What I loved most about the book was that this is not a story just for Chinese Americans or even just for recent immigrants. Danny's and Jin's and even the Monkey King's stories are relate-to-able to anyone who has ever felt like they didn't fit in, which is pretty much everyone. The whole point of the book is to be what you are, but that theme is not presented like a preachy self-confidence lesson. The novel recognizes how hard it is to be yourself when yourself doesn't fit in. It acknowledges that some people are and will always be jerks. It captures awkward and sometimes rocky teenage friendships in such a way that we can all see something reflected from ourselves.
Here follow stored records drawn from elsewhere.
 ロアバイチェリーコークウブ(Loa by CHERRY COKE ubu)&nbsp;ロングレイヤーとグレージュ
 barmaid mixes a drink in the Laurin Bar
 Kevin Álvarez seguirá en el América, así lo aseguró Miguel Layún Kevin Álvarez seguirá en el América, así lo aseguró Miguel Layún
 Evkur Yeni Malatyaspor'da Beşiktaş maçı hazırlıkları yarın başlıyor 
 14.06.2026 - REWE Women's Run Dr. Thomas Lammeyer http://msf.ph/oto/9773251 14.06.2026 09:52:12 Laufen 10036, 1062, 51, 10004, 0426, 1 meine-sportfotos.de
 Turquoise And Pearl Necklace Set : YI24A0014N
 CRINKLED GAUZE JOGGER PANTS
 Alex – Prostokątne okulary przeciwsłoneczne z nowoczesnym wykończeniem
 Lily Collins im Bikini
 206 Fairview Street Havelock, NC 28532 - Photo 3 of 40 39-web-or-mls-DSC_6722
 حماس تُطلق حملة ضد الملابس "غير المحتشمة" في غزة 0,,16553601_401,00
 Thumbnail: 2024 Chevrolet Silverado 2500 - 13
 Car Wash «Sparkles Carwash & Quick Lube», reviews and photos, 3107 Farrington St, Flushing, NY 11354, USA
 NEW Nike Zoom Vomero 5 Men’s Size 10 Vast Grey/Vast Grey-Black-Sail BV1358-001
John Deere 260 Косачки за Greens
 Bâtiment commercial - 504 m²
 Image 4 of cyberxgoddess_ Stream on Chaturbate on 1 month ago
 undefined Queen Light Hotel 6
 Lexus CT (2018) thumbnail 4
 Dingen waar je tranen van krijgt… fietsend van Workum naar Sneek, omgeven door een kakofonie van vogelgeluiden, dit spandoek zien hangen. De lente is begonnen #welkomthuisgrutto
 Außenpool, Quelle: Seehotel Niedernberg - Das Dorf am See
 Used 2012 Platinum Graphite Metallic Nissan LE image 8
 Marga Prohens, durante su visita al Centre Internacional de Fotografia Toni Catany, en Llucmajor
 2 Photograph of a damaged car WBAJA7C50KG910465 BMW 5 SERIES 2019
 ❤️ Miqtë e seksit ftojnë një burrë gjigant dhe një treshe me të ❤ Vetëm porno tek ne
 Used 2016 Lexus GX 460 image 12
Yang's illustration style is a bit more comic-book-like than I am used to. The characters are drawn with rounded edges, and the whole book uses a bright color palate. However, the illustrations are deep in their simplicity. They say a lot with few or no words.
A few minor complaints. I was annoyed by the body humor (fart jokes and the like), but the book is about teenage boys. You can't teach Jr. High kids a lesson on onomatopoeia without "fart" and "burp" causing giggles. Also, I think the Monkey King's reversal was too swift; we aren't prepared for his complete change in his personality. I can see why it happened, given the ending, but I would have liked a bit more development in his change.
This book can be enjoyed on many different levels. Some readers will pick up American Born Chines expecting a light, easy read, and I think they'll be surprised at how deep it is. I liked it. I can see why it won the Printz.